CC and BS are used in combat situations, PH is used to test physical actions such as landing during an air deployment and WIP is used for actions such as engineering, healing a model or hacking. To succeed in one of these  tasks, you need to roll a value equal to or lower than the stat value with modifiers on a D20. Higher stat values are better as modifiers in the game can lower the stat. If you have a -3 modifier to shooting it is actually a -3 modifier to your BS stat meaning that you have to roll even lower on a D20 to succeed.

ARM is added to a D20 roll to try to beat the damage of most weapons and BTS is a modifier to an opponents skill in a hacking attempt or used as a substitute ARM value against some ammo types.


One of the most obvious differences between Infinity and games such as Warhammer 40K and Warmachine is the use of D20s instead of the standard D6s. Aside from providing a much wider range of possible values for a player to roll, it also gives the game developers more flexibility when creating units. When dealing with a D6 system, a difference of one point in a stat is 17%. A one point stat difference in Infinity is 5%.

This also allows the game developers to add more modifiers to actions like shooting or close combat and still have “room” for differing stats in the game to have an impact. If for instance there is a total modifier of -9 to a shooting action and I have three models with a BS of 12,13 and 14 then they need to roll a 3, 4 or 5 respectively. In a system that uses a D6 to resolve actions you quickly find yourself “bottoming out” and having models all require the same roll to resolve a test.

Infinity also uses a lot fewer dice than 40K or other “bucket of dice” games. Typically you never really need more than four or five D20s to play the game.

Your army

One other stat provided for models is AVA, or the availability, of a model in a force. This indicates the total number of that unit that can be purchased in an army list and is usually a value from one to four or “total” which indicates that you could create your entire force with that model.

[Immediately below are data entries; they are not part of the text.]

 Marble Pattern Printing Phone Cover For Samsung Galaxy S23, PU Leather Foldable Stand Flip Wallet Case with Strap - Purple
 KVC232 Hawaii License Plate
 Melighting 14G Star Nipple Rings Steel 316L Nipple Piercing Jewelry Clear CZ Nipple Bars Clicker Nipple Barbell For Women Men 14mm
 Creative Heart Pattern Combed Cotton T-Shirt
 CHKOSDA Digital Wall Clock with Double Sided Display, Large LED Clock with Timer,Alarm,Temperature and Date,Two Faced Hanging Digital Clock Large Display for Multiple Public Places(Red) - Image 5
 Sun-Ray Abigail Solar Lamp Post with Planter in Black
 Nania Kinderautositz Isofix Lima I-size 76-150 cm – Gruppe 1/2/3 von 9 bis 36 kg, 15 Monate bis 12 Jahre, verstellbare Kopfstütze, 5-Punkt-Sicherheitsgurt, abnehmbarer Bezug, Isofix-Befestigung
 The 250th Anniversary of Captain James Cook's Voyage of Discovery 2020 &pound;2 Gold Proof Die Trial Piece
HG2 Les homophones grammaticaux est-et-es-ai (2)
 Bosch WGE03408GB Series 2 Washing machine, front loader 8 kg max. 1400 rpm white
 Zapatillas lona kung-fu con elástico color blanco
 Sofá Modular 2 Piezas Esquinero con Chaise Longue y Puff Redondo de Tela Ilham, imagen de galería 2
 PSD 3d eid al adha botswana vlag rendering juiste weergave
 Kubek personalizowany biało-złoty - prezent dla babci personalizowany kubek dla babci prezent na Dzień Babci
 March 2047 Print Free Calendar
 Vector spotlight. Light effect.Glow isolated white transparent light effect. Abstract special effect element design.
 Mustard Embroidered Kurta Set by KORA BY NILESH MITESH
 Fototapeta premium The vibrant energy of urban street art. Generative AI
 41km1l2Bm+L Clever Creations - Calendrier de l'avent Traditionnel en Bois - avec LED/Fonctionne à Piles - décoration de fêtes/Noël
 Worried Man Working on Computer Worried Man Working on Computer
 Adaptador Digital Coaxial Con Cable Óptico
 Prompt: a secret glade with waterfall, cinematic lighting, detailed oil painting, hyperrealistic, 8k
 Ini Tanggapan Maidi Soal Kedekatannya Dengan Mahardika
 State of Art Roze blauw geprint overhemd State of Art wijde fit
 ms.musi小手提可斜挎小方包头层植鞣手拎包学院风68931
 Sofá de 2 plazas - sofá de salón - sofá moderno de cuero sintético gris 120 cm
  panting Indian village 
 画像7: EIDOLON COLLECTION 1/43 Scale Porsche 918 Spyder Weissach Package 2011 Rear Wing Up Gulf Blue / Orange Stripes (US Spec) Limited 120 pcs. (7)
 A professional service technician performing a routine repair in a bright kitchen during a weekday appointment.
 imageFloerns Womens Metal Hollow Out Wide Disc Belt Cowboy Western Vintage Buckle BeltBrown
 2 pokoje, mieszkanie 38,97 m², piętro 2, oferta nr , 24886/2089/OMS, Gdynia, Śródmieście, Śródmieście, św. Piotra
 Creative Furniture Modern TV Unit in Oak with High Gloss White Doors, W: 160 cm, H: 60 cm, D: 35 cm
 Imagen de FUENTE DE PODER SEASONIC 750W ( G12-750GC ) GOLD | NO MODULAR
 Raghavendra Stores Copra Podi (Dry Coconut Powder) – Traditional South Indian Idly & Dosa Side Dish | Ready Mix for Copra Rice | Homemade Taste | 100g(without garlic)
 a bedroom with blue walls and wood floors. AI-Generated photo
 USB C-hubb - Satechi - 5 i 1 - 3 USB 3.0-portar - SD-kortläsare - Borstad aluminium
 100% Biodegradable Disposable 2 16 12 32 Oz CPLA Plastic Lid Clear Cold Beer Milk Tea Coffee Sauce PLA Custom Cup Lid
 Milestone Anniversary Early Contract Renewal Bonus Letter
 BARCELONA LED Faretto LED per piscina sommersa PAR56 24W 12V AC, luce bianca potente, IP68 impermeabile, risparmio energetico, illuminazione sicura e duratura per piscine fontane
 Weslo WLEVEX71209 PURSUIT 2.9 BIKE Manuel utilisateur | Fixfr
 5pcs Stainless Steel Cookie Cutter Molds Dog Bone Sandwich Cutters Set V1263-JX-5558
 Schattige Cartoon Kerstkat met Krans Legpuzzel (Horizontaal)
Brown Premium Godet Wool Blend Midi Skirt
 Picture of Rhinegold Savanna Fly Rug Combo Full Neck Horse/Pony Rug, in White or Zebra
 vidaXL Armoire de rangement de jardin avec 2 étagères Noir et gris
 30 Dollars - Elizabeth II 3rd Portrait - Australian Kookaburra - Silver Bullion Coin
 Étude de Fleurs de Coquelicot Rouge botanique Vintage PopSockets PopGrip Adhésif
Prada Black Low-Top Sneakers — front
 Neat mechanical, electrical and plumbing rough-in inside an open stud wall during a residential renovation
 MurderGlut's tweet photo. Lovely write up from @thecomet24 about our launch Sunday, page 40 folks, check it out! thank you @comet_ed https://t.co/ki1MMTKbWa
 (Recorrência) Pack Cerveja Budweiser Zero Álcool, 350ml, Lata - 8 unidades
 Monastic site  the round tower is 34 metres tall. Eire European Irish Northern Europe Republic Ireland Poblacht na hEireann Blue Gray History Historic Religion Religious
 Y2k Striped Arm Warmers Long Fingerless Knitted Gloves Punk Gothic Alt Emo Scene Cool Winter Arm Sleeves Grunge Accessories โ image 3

When you include a model, you need to pick a specific profile. The army lists for Infinity will display the stats, for example, of a generic Fusilier but also includes nine different profiles of the Fusilier based on equipment or skills. So there are specific Fusiliers with Combi Rifles, Missile Launchers, the Hacker skill or a Lieutenant. They all share the same stats but have a different point cost.

Models also include what is called an SWC or Support Weapon Cost. When building a force you get one SWC point to use per 50 points of your army value. So for a 150 point gameyou would be able to include three SWC points. A Fusilier Hacker would cost 22 points and also 0.5 SWC. The Support Weapon Cost and AVA are the two limiting factors in your army building. With the exception of Sectorial armies, you can pick whichever models you want. This is often a factor that can overwhelm players when they first pick up the game. In a later article, we’ll look at starting out your Infinity army by using one of the many available Starter Sets.


Infinity is an I-Go-You-Go game with one significant difference. Each model in your force (that is on the table) contributes an Order that you will use to activate your troops. This is called your Order Reserve and it is calculated at the beginning of each turn. You also get an Order called the Lieutenant Special Order which can only be used for your Lieutenant.

Infinity allows you to, with the exception of the Lieutenant Special Order, spend as many of your Orders on each model as you like and in any order you like. If you have a PanO force with some Fusiliers and a Teutonic Knight you could spend an Order on the Knight, then activate a Fusilier and then return to the Knight. You could also, if you want, spend all of your orders on only the Knight.

When activating a model it can do one of the following:

  • Two Short Movement Skills (Move + Move, Climb +Move, or Move + Prone)
  • A Short Movement Skill and a Short Skill or vice versa  (Move + Ballistic Skill (BS), Move + Dodge, Discover + Alert, or Ballistic Skill (BS) + Prone)
  • A single Long Skill (Camouflage, Intuitive Attack, or Cautious Movement)
  • A single Short Skill or Short Movement Skill

The reason models have two MOV values is because a model can combine two short movement skills (Move+Move).  The first is the distance in inches it can move with a single Short Move and the second is the distance an additional Short Move Skill will provide. Medium and Heavy Infantry typically will have two different values for a MOV stat (like 4-2) while Light Infantry will typically have the same values (4-4 for instance).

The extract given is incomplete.